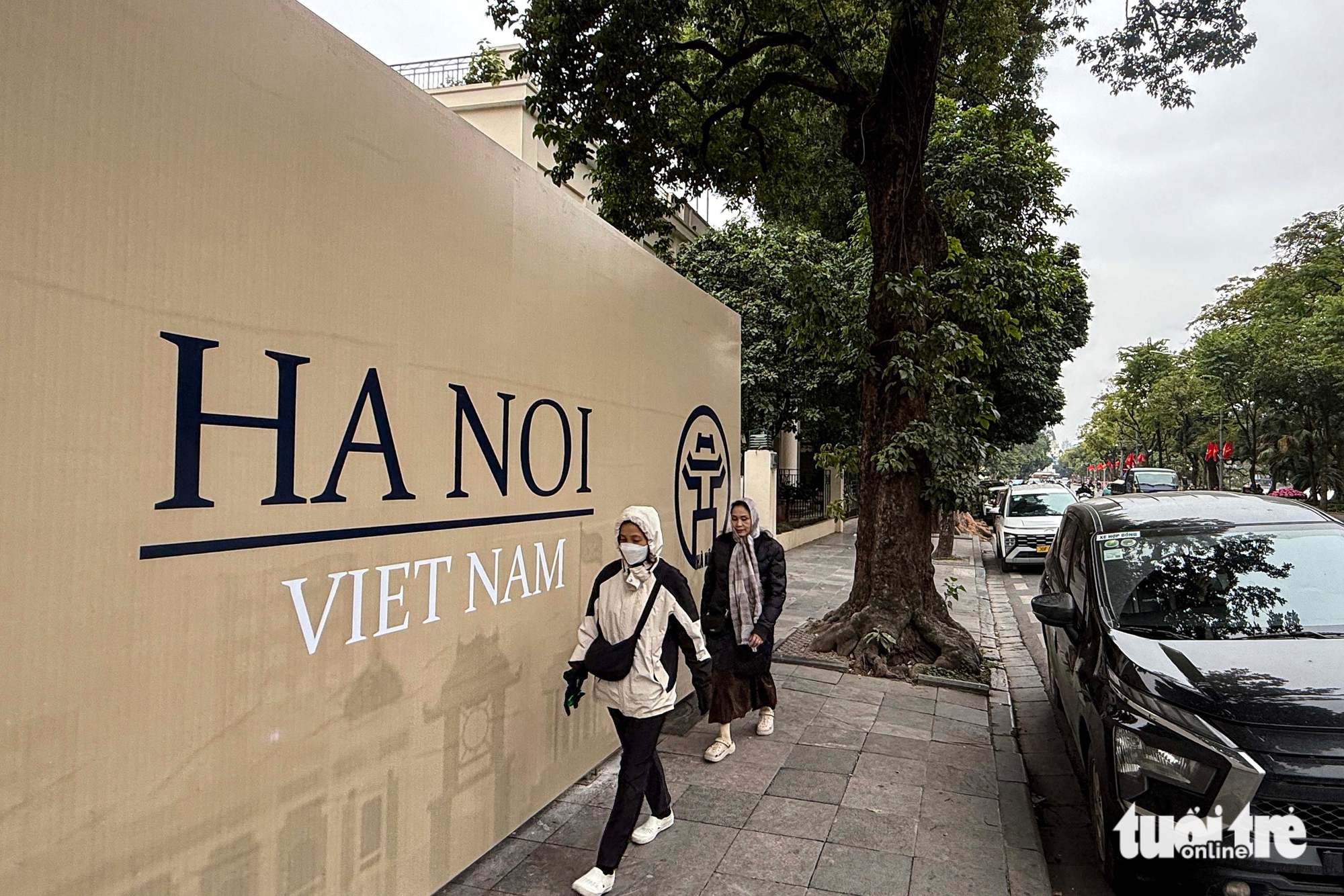 Hanoi residents move out as work begins on public square east of Hoan Kiem Lake- Ảnh 19.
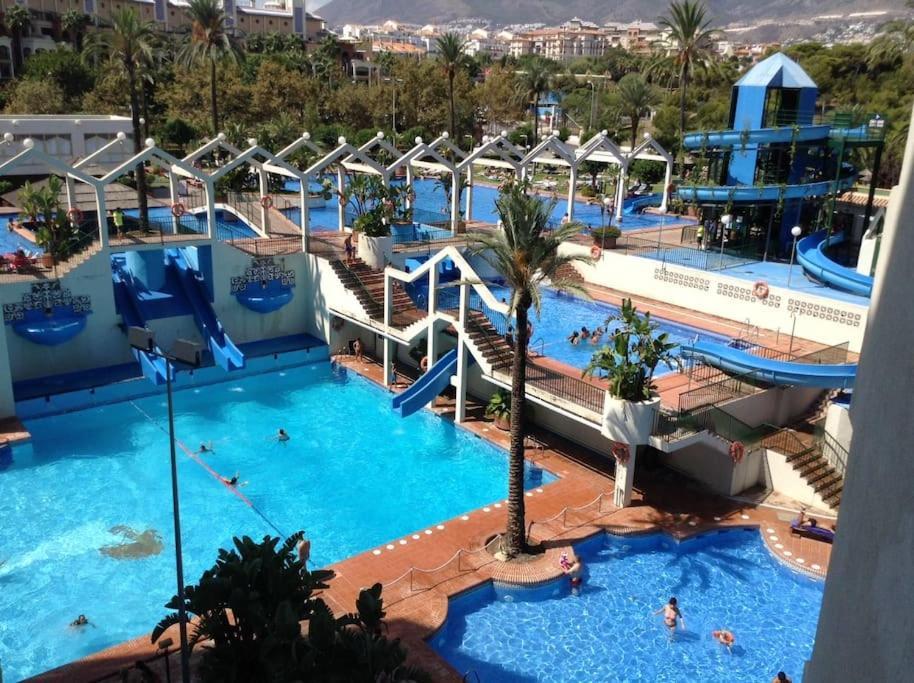 Lux. Frontbeach-Terrace. 5 Pools.Tv. 2 A.C.Netflix Benalmádena Exteriör bild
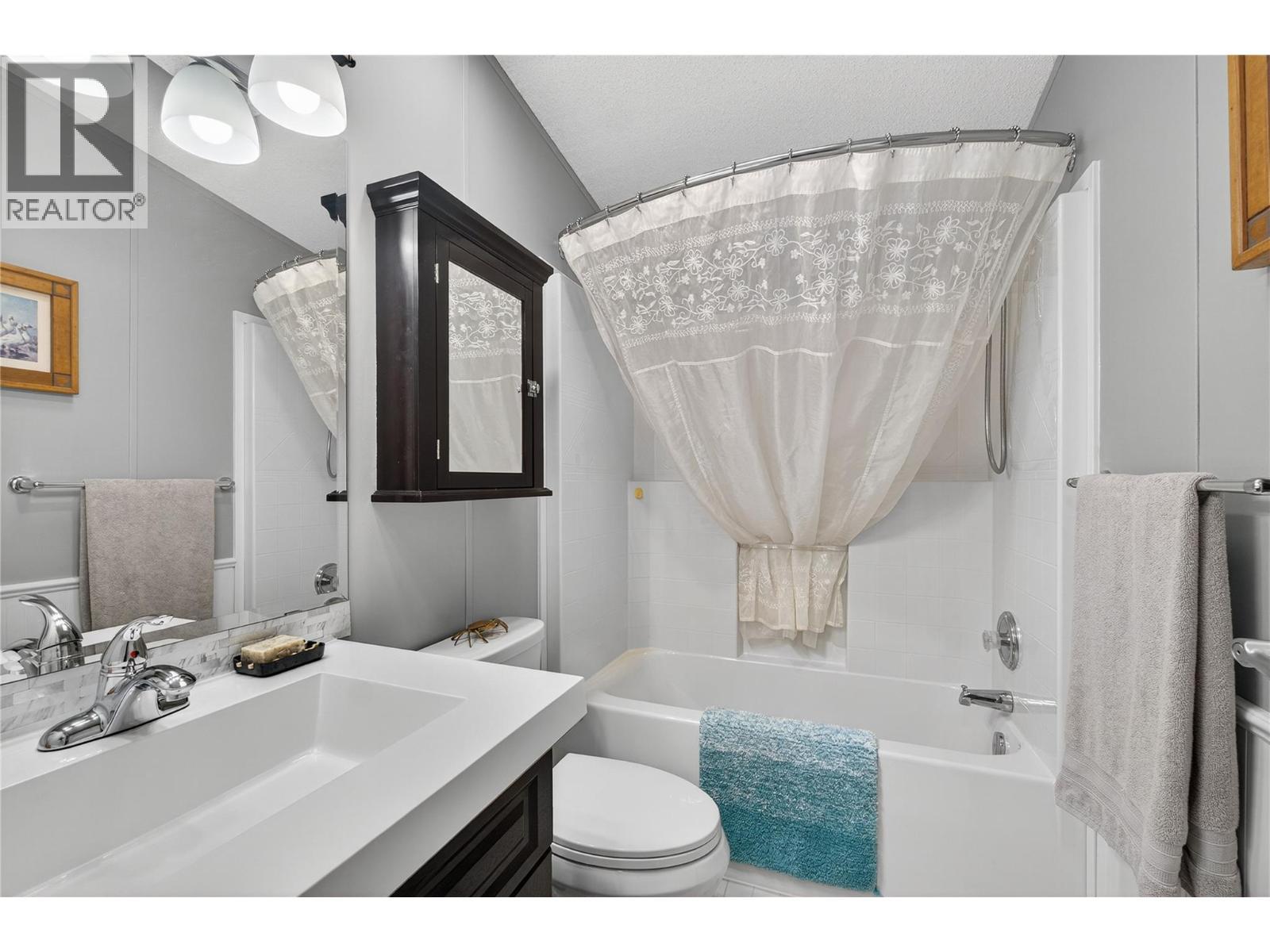 4965 Pine Acres Road, Chase, BC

# Directions for this task
Copy the listing exactly. Leave the pictures out.

# Answer section
 Hanoi residents move out as work begins on public square east of Hoan Kiem Lake- Ảnh 19.
 Lux. Frontbeach-Terrace. 5 Pools.Tv. 2 A.C.Netflix Benalmádena Exteriör bild
 4965 Pine Acres Road, Chase, BC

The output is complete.